I recommend this for children who would like to watch a quick, pleasurable film, not JUST about Christmas, it's also for people who like animals, especially farm animals, people who still don't prefer computer to cartoon animation and a film with unforgettable characters, one or two lovely songs and a good storyline! PANT PANT. BOY was that a long sentence to explain why you should watch this film! :)
So, what are you waiting for? If you haven't had the chance, buy it or rent it from Amazon or the nearest shop and watch it! If you don't like it, you could lend it to a friend! ENJOY!! :)
P.S This is a very emotional film and for people who feel emotional, I suggest a few hankies provided, especially at the end.
It's the tale of true friendship and unselfishness that I believe EVERYONE should watch. It touches the heart, body, and soul with stunning visuals, a great score, and wonderful art and voices. Buy it if you have kids. Buy it if you are a kid. Buy it... if ... if you still believe there is some good and worth in this world left.
A classic straight out of the middle of my childhood, Annabelle's Wish is a kid's Christmas film about a talking calf who wants to become one of Santa's reindeer, and a mute boy who struggles to live with his disability.
When I was young, this was my favorite Christmas film, surprisingly blowing A Charlie Brown Christmas out of the water (I didn't understand much of the humor in the Peanuts cartoons, or the comics). The bond between Annabelle and Billy was my first taste of bittersweet endings (Although it was mostly sweet rather than bitter, otherwise it wouldn't be much of a kid's movie), and sort of set the standard for these sort of altruistic stories. I didn't understand much of the main conflict involving Aunt Agnes and how she was going to take Billy away, so unfortunately, that wasn't really a part I could get involved in. But the impact it left with the ending was something I was able to walk away with, permanently changing the way I thought about how unimportant my wants were compared to others' needs.

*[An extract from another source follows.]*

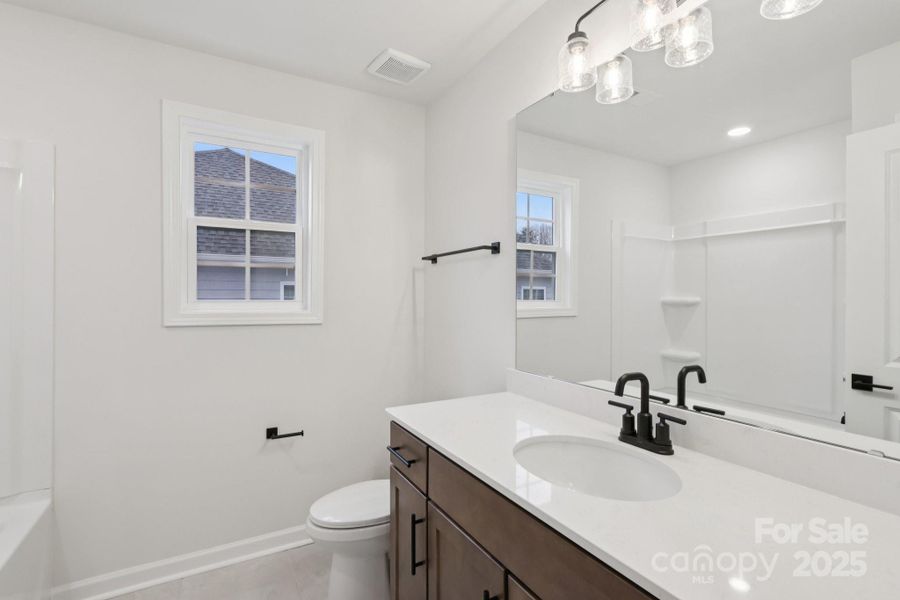 Furnished interior view inside a new home in Falls Cove, Troutman (Image 8).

A decade later, I stumbled upon the full movie on YouTube, so I thought I'd give it a look. Surprisingly, it hasn't changed much. The bit with Aunt Agnes was something I could understand (Custody of kids and whatnot), but it wasn't something I was particularly interested in. It was still the bond between Annabelle and Billy that I could stay involved in. Although many of the potentially real moments in the movie were made cliché and corny, I can understand, seeing that it was made mostly for kids.
Overall, it's great for kids who are looking for something to do on Christmas, as well as give a lesson in selflessness. Helped steer me into thinking about putting myself in others' shoes, rather than always thinking for myself. Adults can watch too, if they're willing to bear the overused lines, as well as awkward kid gags that really aren't that funny.
Not that I care. Still gonna be one of my favorite movies I've ever watched.
- The relationships in this movie are very genuine, especially between the main characters Billy and Annabelle. They are well build up, sweet and have meaning behind them, especially in the decisions they make and how they care for each other.
- A cheap gimmick often used in other children movies (I'm looking at you, Care Shits- I mean, Bears) is that a child has ''suffered'' from something just to make it all dramatic, but in the end it is all contrived, doesn't make sense and means nothing. In this movie however, there is actually build up to events that happened to Billy and they are shown to the audience. - The struggles the grandfather of Billy is going through are very well understood and have a lot of meaning. - The dramatic moments are very sweet,genuine and can cause tears, and are not forced in.
- the trick behind characters in stories for young children is to make archetypes so they are more easily understood. This often gets confused for making stereotypes, and this movie sometimes falls into that trap, especially with Slim the pig and with the chickens. Fortunately though those character do not matter a whole lot except of being filler to fill up the animals needed on a farm.
- With 53 minutes I still find it a tad short. I wouldn't have mind learning more from our main characters. - The designs are rather bland and the animation is not the best ever. This does really impact the experience, however.
- Some emotional scenes drag on too long while others are, in my opinion, too short.
In conclusion, despite a couple of flaws, it is a very sweet and genuine tale that actually can move a person, and I believe children can enjoy it. For adults it may seem a bit bland, however.
Although the character designs looked pretty generic, particularly the humans, I soon got used to them and although I initially thought Emily (also the name of the girl at uni who recommended this to me) was a boy, she was an endearing side-character and I found Annabelle absolutely adorable. When I first saw her, she reminded me of the ponies in the original 1980s 'My Little Pony' cartoon. Billy is a character who anyone watching this special would deeply sympathise with, his grandfather is supportive while Aunt Agnes is self-indulgent and the father of the boys who torment Billy and Emily is strict. The rest of the animal characters are more than worthy if Slim the pig is somewhat clichéd and stereotypical despite his name being the complete opposite of how he looks. The animation is fluid with rich shading and great uses of principles, most notably squash and stretch and follow-through and overlapping action. Both the background designs, especially those in the snowy exterior scenes and the springtime sequence, and music are beautiful. I particularly liked the songs accompanying Annabelle's dream of herself jumping in the sky like a reindeer and the springtime sequence. The story and the dialogue are both heartbreaking (Billy becoming mute when being traumatised by the barn fire) and heartwarming (Billy and Annabelle eventually getting their wishes) and I liked the ending of Billy and Emily as a married couple and Annabelle becoming a real reindeer. The voice acting has some great variety to it and Santa's voice here is more convincing and realistic than that in the mediocre 'The Christmas Tree, where it sounded creepy and robotic. There are more well-known voices in the cast of this special than first thought including Randy Travis, Cloris Leachman (Hydia in 'My Little Pony: The Movie'), Kath Soucie and Frank Welker.
Despite its generic character designs and one clichéd, stereotypical character, 'Annabelle's Wish' is a charming, heartbreaking and heartwarming Christmas special that I would happily watch every festive season. 8/10.